A inclinada encosta limitada pelo antigo convento da Graça, pelo Caracol da Graça e pela Calçada da Senhora do Monte também foi resgatada ao abandono. Tem 1,7 hectares, diz o DN, e é pontuado por um quiosque, uma alameda e vários patamares (um deles com um plantação de citrinos). A vista é de cortar a respiração e compreende o Martim Moniz, a colina da Pena e a do Carmo. É mais próxima da cidade do que a do miradouro da Graça, uns metros acima. À principal via que atravessa a Cerca de norte para sul ainda faltam as árvores frondosas que merece e o quiosque foi colocado numa extremidade do parque, numa superfície de piso artificial que reflete em demasia a luz inclemente de junho. As árvores crescerão. Os lisboetas e os muitos visitantes da capital habituar-se-ão a estes novos espaços, que passarão a fazer parte dos roteiros de Lisboa.
O vereador José Sá Fernandes é o principal responsável pela devolução destes espaços nobres e abandonados à cidade. Os locals primeiro e os turistas depois apropriar-se-ão deles. A revolução verde de Lisboa também tem sido essencial para a crescente atratividade da cidade junto dos visitantes. Hoje, Lisboa é uma cidade diferente por causa do turismo.

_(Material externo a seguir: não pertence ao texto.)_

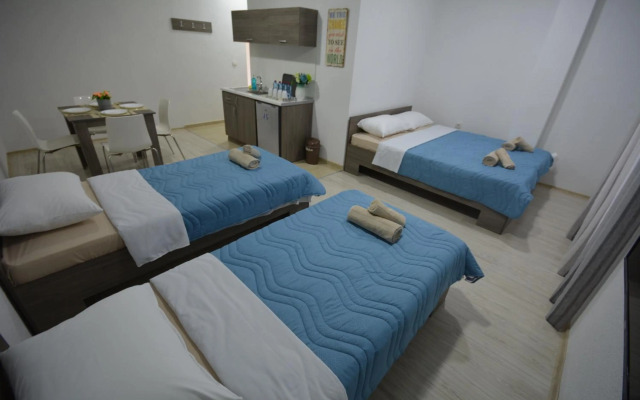 Luna Apartments Gevgelija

Não sou um aristocrata, quanto à cidade. É verdade que há zonas com excesso de visitantes e numa tarde de verão visitar o Chiado pode ser uma experiência “diferente”, atendendo à quantidade de turistas que demandam a praça e as ruas do Bairro Alto e da Bica. Eu, que vivi nessa zona da cidade há quase duas décadas, sei contudo como era: soturna, sem oferta comercial, animada mas apenas por adolescentes e jovens adultos bêbados. Hoje há famílias e velhotes do norte da Europa, além dos jovens trendy que clonam os que percorriam aquelas ruelas já nos anos 80. A oferta comercial e cultural pode ter alguns excessos mas é incomparavelmente melhor, mais qualificada e diversificada.
Lisboa internacionalizou-se da melhor maneira: através dos que a visitam para a usufruierem. É melhor do que ser um hub de negócios. Ainda está suja e gasta mas todos os dias fica em melhor forma. Os turistas gostam e nos estudos de opinião manifestam a vontade de repetir a experiência. A mestiçagem do centro da cidade não é só racial – essa começou nos anos 80 e 90 – mas também de classe. Hoje, desde um grupo de jovens dos subúrbios de Londres a um magnata muçulmano, todos usufruem do centro histórico e dos bairros chiques do Chiado. E ainda bem.